The BNF has a long history. It originated in 1939, with something called the National War
Formulary. This was a list of medications thought necessary to maintain a decent standard of health care. Doctors and pharmacists found it so useful that after the Second World War,
the Royal Pharmaceutical Society and the British Medical Association decided to carry on printing it. To begin with, the BNF, as it was now known, was published every three years.
Since 1981, however, it has been updated every 6 months, reflecting the increased pace with which medicine changes.

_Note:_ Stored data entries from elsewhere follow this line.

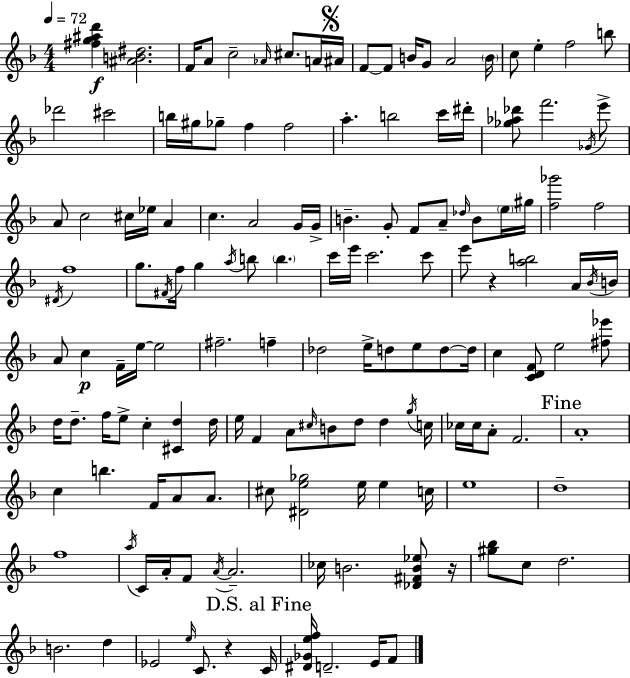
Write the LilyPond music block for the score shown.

{
  \clef treble
  \numericTimeSignature
  \time 4/4
  \key f \major
  \tempo 4 = 72
  \repeat volta 2 { <fis'' g'' ais'' d'''>4\f <ais' b' dis''>2. | f'16 a'8 c''2-- \grace { aes'16 } cis''8. a'16 | \mark \markup { \musicglyph "scripts.segno" } ais'16 f'8~~ f'8 b'16 g'8 a'2 | \parenthesize b'16 c''8 e''4-. f''2 b''8 | \break des'''2 cis'''2 | b''16 gis''16 ges''8-- f''4 f''2 | a''4.-. b''2 c'''16 | dis'''16-. <ges'' aes'' des'''>8 f'''2. \acciaccatura { ges'16 } | \break e'''8-> a'8 c''2 cis''16 ees''16 a'4 | c''4. a'2 | g'16 g'16-> b'4.-- g'8-. f'8 a'8-- \grace { des''16 } b'8 | \parenthesize e''16 gis''16 <f'' ges'''>2 f''2 | \break \acciaccatura { dis'16 } f''1 | g''8. \acciaccatura { fis'16 } f''16 g''4 \acciaccatura { a''16 } b''8 | \parenthesize b''4. c'''16 e'''16 c'''2. | c'''8 e'''8 r4 <a'' b''>2 | \break a'16 \acciaccatura { bes'16 } b'16 a'8 c''4\p f'16-- e''16~~ e''2 | fis''2.-- | f''4-- des''2 e''16-> | d''8 e''8 d''8~~ d''16 c''4 <c' d' f'>8 e''2 | \break <fis'' ees'''>8 d''16 d''8.-- f''16 e''8-> c''4-. | <cis' d''>4 d''16 e''16 f'4 a'8 \grace { cis''16 } b'8 | d''8 d''4 \acciaccatura { g''16 } c''16 ces''16 ces''16 a'8-. f'2. | \mark "Fine" a'1-. | \break c''4 b''4. | f'16 a'8 a'8. cis''8 <dis' e'' ges''>2 | e''16 e''4 c''16 e''1 | d''1-- | \break f''1 | \acciaccatura { a''16 } c'16 a'16-. f'8 \acciaccatura { a'16~ }~ a'2.-- | ces''16 b'2. | <des' fis' b' ees''>8 r16 <gis'' bes''>8 c''8 d''2. | \break b'2. | d''4 ees'2 | \grace { e''16 } c'8. r4 \mark "D.S. al Fine" c'16 <dis' ges' e'' f''>16 d'2.-- | e'16 f'8 } \bar "|."
}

In 2005, a further milestone was reached when the first online version was published.
The BNF today is an indispensible reference source for all healthcare professionals in the
UK and contains information on the mechanism, safety, recommended dosage and cost of most licensed medicines.
Beta Blockers: the 'Universal Drugs'?
The beta adrenoceptor antagonists, or 'beta-blockers' are drugs, which you can usually recognise by the helpful -olol ending, that are used to treat hypertension, angina, heart failure and dysrhythmias, and are also a treatment for the physical symptoms of anxiety.
Beta-blockers exert most of their therapeutic effects via beta-1 adrenoceptors (found in the heart).
Drugs which have high potency at beta-1 and low potency at beta-2 adrenoceptors are known as cardioselective betablockers.
Drugs which do not distinguish between beta-1 and beta-2 are known as non-selective.
Indications: what the drug should be used for.
Cautions: conditions or factors that increase the risk associated with the drug.
Contra-indications: conditions or factors that suggest a drug should not be prescribed.
Side effects: unwanted effects of a drug.